Stützen der Gesellschaft

Stützen der Gesellschaft

Leben, Bildung, Torten und sozialunverträgliches Spätableben unter Stuck und Kronleuchtern.

Beinahe schwul, kommunistisch und romantisch wegen Suhrkamp

Das waren die Bücher, vor denen uns unsere Lehrer immer gewarnt haben: Eine kleine Hommage, unter anderem mit Historikerstreit, Brecht, Liebe, Anarchie, Bayern, einem Frankfurter Verlag und einer freundlichen Berliner Prostituierten.

Was hat denn Liebe mit Schuld zu tun?
Eduardo Mendoza, Das Jahr der Sintflut, bs 1243

Diese Bücherverbrennerei der Nazis war natürlich, alles in allem, eine Riesendummheit. Aber auf der anderen Seite tobte auch danach der Krieg der Systeme, und auch wenn man ihn als „kalt” bezeichnete, so war er doch heiß und erzwang uniforme Gedanken. Schliesslich war die kleine, dumme Stadt an der Donau in den 60er Jahren mit einem Ring stinkender petrochemischer Anlagen umgeben worden, es gab einiges an militärisch wichtiger Industrie, einen Militärflughafen, einen Flugzeugbauer und nicht-Mensch-nicht-Tier-Pionier-Einrichtungen.
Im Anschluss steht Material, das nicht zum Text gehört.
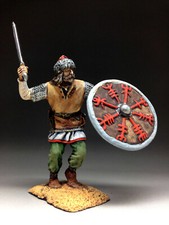 Tin toy soldiers Viking IX-X c 54 mm figurine metal sculpture Hand painted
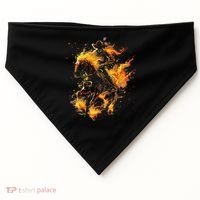 Ghost Horse Flaming Cowboy  USA-Made Doggie Bandana thumb 0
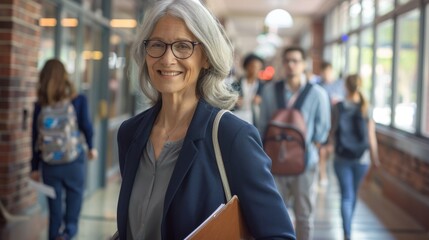 The experienced female educator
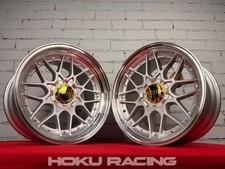 18 Zoll HAXER HX025 BBS RS 2 Style Felgen 9J+10J Silber für Mercedes 5x112 18 Zoll HAXER HX025 BBS RS 2 Style Felgen 9J+10J Silber für Mercedes 5x112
Da, sagte man uns in der Schule, würden wir uns gar keine Gedanken machen müssen: Wir wären die ersten, die von den Russen eine Atombombe auf den Kopf bekommen würden. Also sollten wir bloss nicht auf die Idee kommen, den Wehrdienst zu verweigern, denn damit könnten wir dazu beitragen, den Kommunismus aufzuhalten – zumindest besser als in der Jugendzeit mancher Lehrer – und wenn es doch so weit käme, könnten wir uns mit der Waffe wenigstens wehren und unsere zu Aschehäufchen verbrannten Familie rächen, indem wir Russen umbringen. Ich denke, diese Zeit ist noch nicht lang genug zurück, dass man sich wirklich den Irrsinn verdeutlicht, mit dem man damals indoktriniert wurde, und welche Bedeutung „atomare Artillerie” praktisch hat.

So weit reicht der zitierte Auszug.